The publication I've labeled "G99" is generally cited as: Robert B. Grady, An Economic Release Decision Model: Insights into Software Project Management, in proceedings of Applications of Software Measurement (1999). The second diagram is from a photograph of a hard copy of the proceedings.
Here is one typical publication citing Grady 1999, from which the first diagram is extracted. You can find many more via a Google search. The "this study didn't accurately record" quote is discussed here, and can be found in "Dissecting Software Failures" by Grady, in the April 1989 issue of the "Hewlett Packard Journal"; you can still find one copy of the original source on the Web, as of early 2013, but link rot is threatening it with extinction.
A more extensive analysis of the "defect cost increase" claim is available in my book-in-progress, "The Leprechauns of Software Engineering".
Here is how the axes were originally labeled; first diagram:
- vertical: "Relative Cost to Correct a Defect"

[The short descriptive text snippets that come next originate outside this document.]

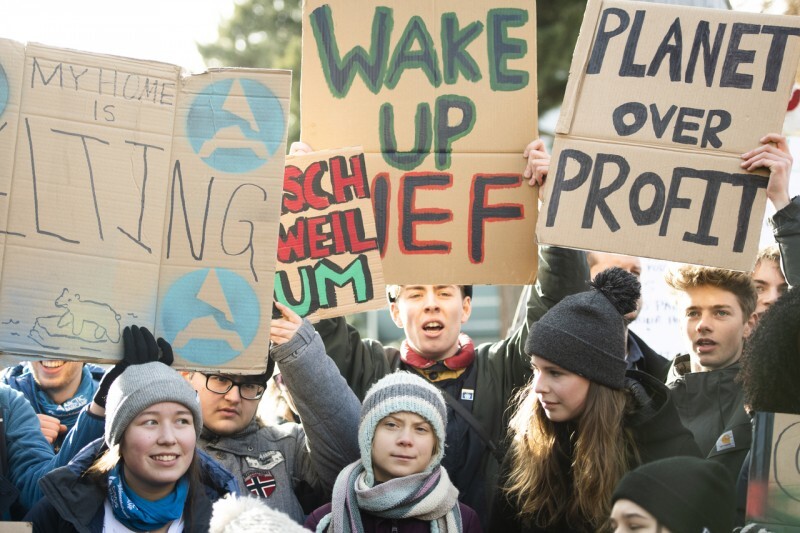 지난 1월 스위스 다보스 포럼에 참여한 그레타 툰베리가 ‘미래를 위한 금요일’ 결석 시위를 하고 있다. 연합뉴스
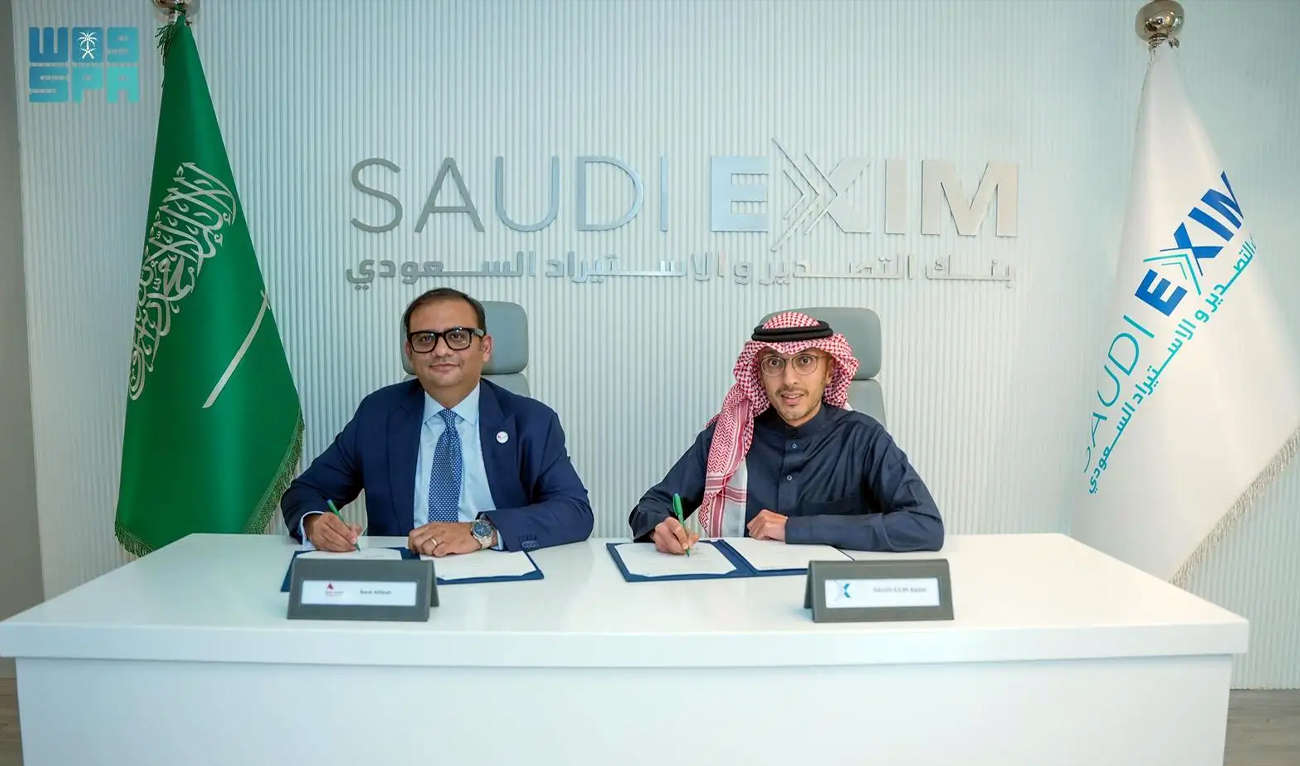 Representatives of Saudi Export-Import Bank and Pakistan’s Bank Alfalah sign an agreement at Saudi EXIM Bank’s headquarters in Riyadh, Saudi Arabia, on January 20, 2025. (SPA)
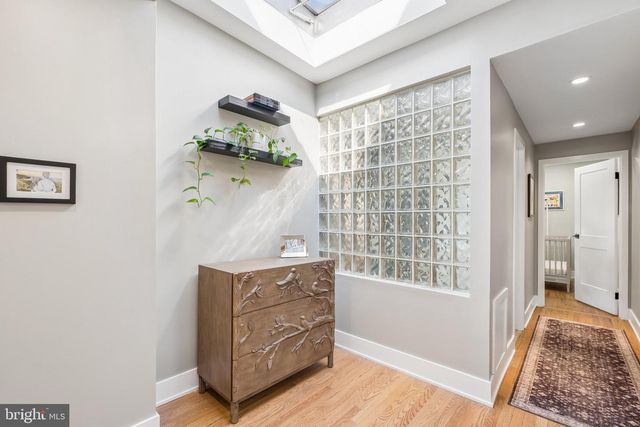 801 S 8TH ST, Philadelphia, PA 19147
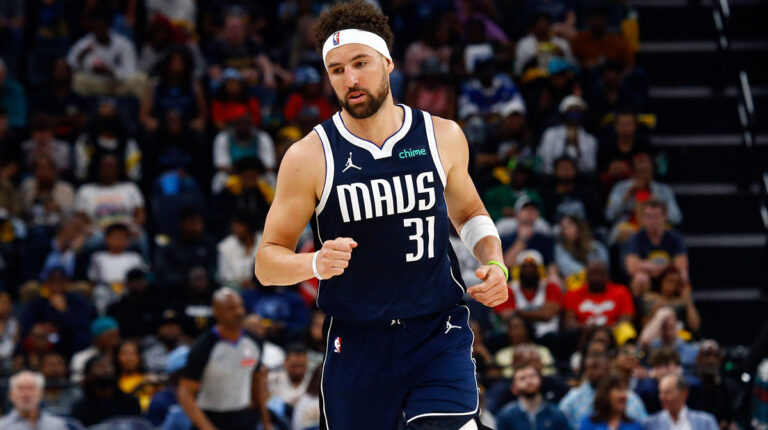 Klay Thompson looks like it’s in the form of a mean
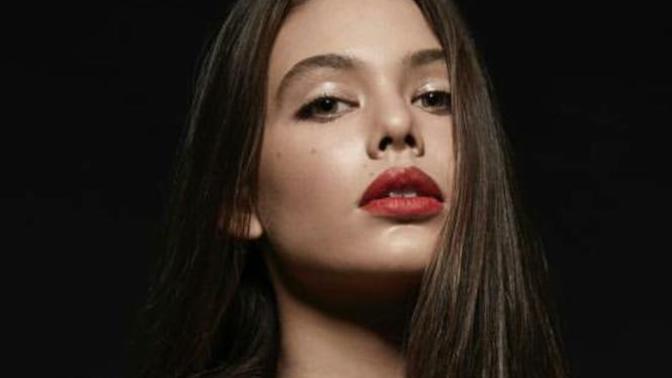 Which red lipped pretty girl is more beautiful?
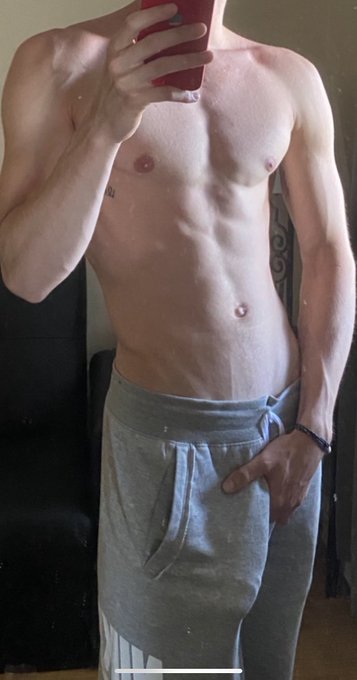 How I walk around the house https://t.co/Re6e8dFlKc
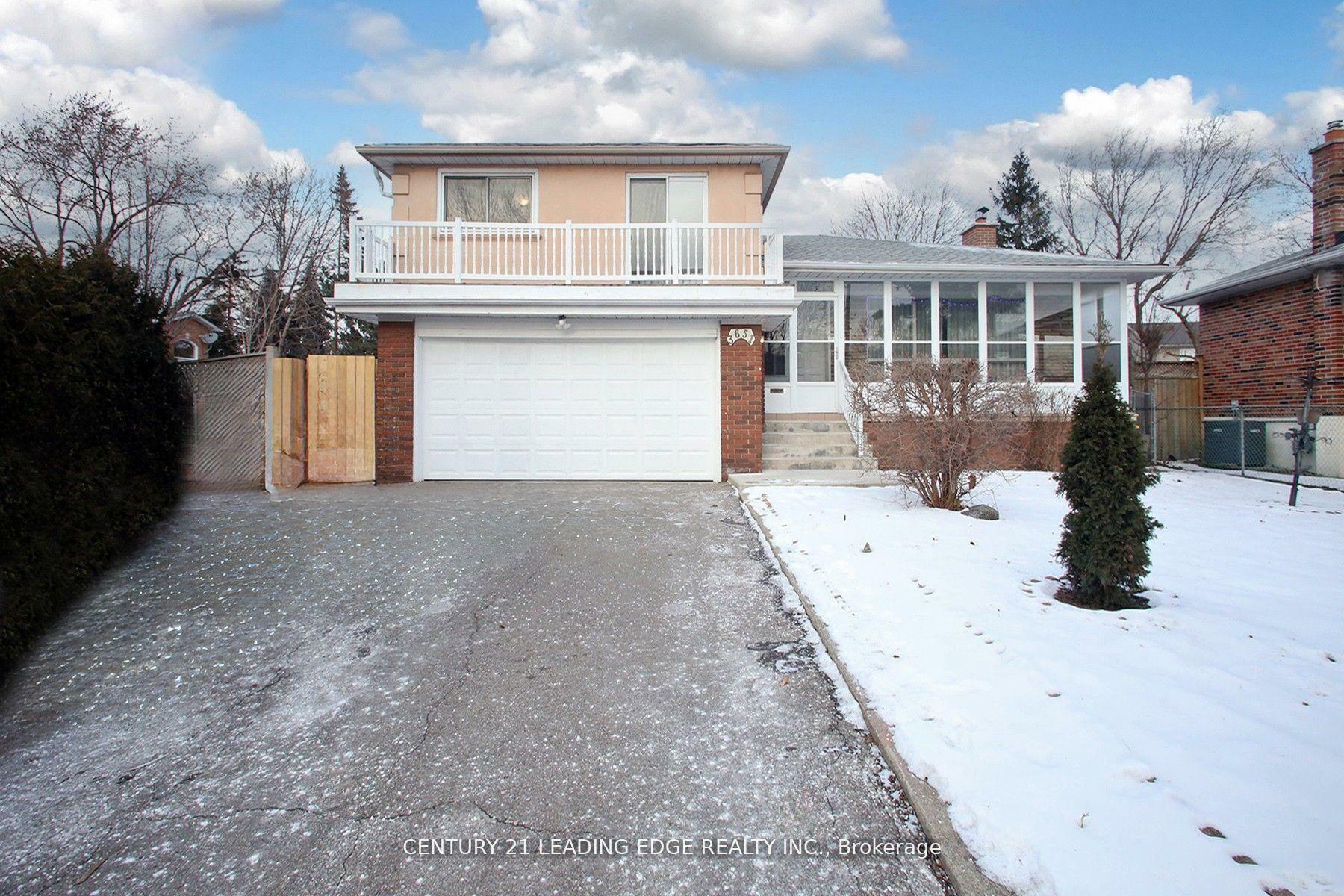 Photo de la propriété: 3651 Broomhill Crescent ON L4Y 3N5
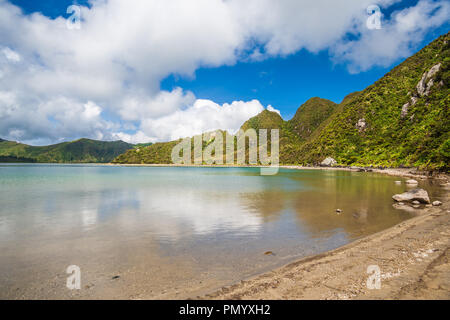 Shoreline Bank von See fogo Sao Miguel Azoren vulkanischen Krater Stockfoto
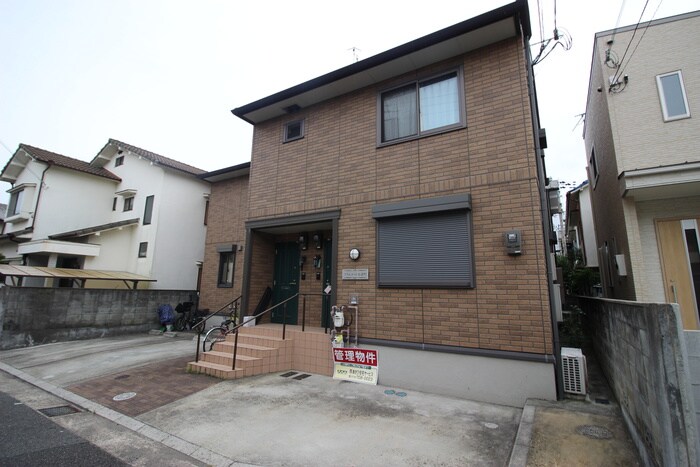 物件外観写真4　(外観写真)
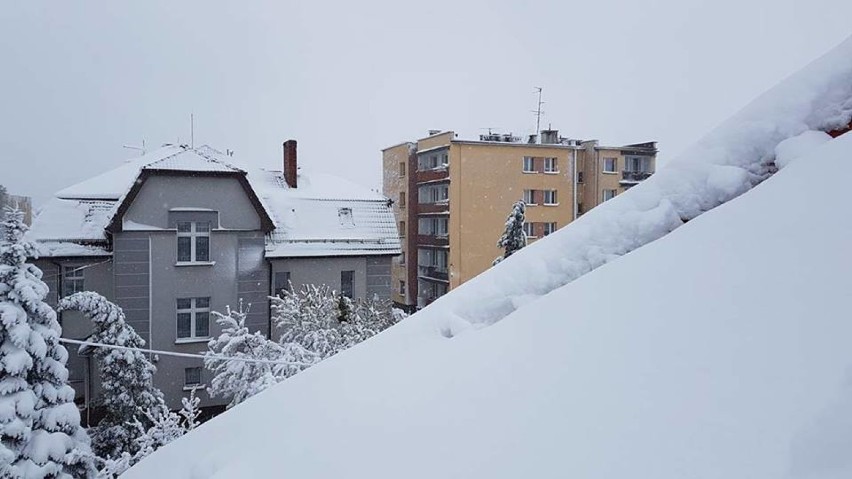 Powiat lubliniecki, podobnie jak wiele innych, walczy z atakiem zimy w kwietniu [ZDJĘCIA]
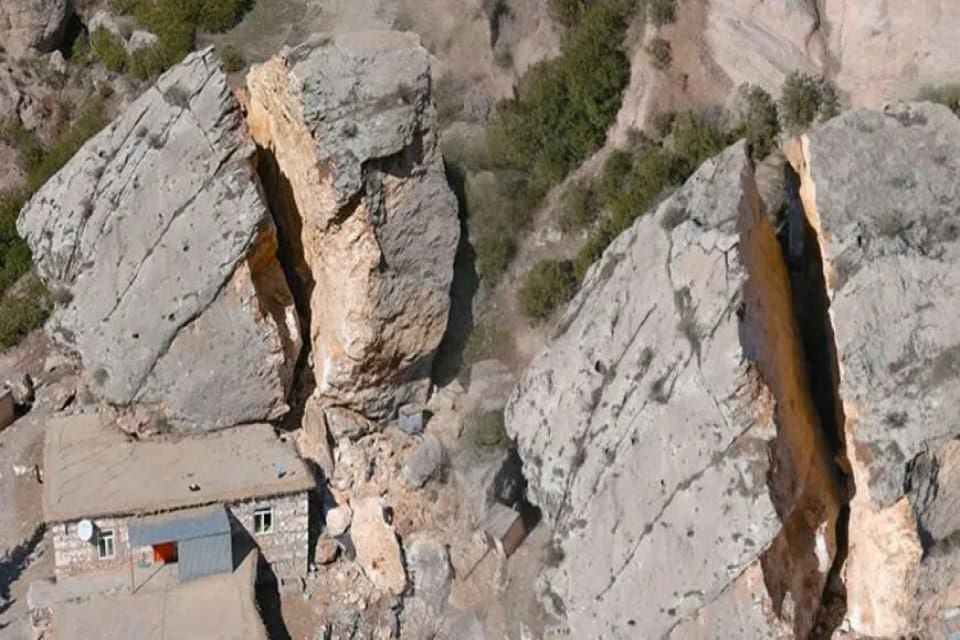 Adıyaman'da dağların ortasında bulunan Eski Kahta K&ouml;y&uuml;'ne depremle birlikte dev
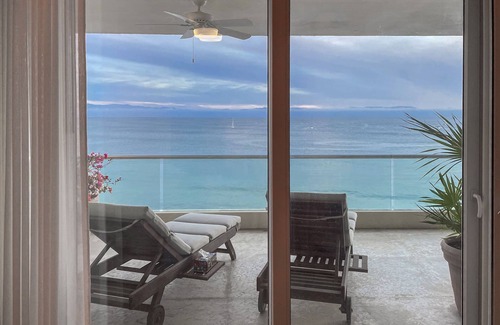 Emiliano Zapata Apartment | Oceanfront Beach Condo with Spa & Perfect 10/10 Rating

- horizontal: "Development Phase" (values "Requirements", "Design", "Code", "Test", "Operation" from left to right)
- figure label: "Relative cost to correct a requirement defect depending on when it is discovered"
Second diagram:
- vertical: "Activity When Defect was Created" (values "Specifications", "Design", "Code", "Test" from top to bottom)
- horizontal: "Relative cost to fix a defect after release to customers compared to the cost of fixing it shortly after it was created"
- figure label: "Relative Costs to Fix Defects"
Of course, by 1989 both experience and multiple cause-and-effect explanations told people this is the case. And the two graphs are actually different data sets with the same conclusion, so it looks like people just took whatever graph they found quickly.
Comparing early quickly-found bugs and late quicky-found bugs is still impossible with this quality of data, but it is for the better. The real problem is not citing graph correctly - it is about what affects both bug severity and bug detection. Like having any semblance of order in the team.
Are there people that claim this is about true science and not set of best practices? Maybe they are the real problem for now...
Typical quote: "Software engineering is defined as the systematic application of science, mathematics, technology and engineering principles to the analysis, development and maintenance of software systems, with the aim of transforming software development from an ad hoc craft to a repeatable, quantifiable and manageable process."
And the publications certainly dress up software engineering in the rhetoric of science: the style of citation where you say something and then add "(Grady 1999)" as if that was supposed to be authoritative.
It will be impossible to make progress in this field (and I think this has implications for AI and even FAI) until such confusions are cleared away.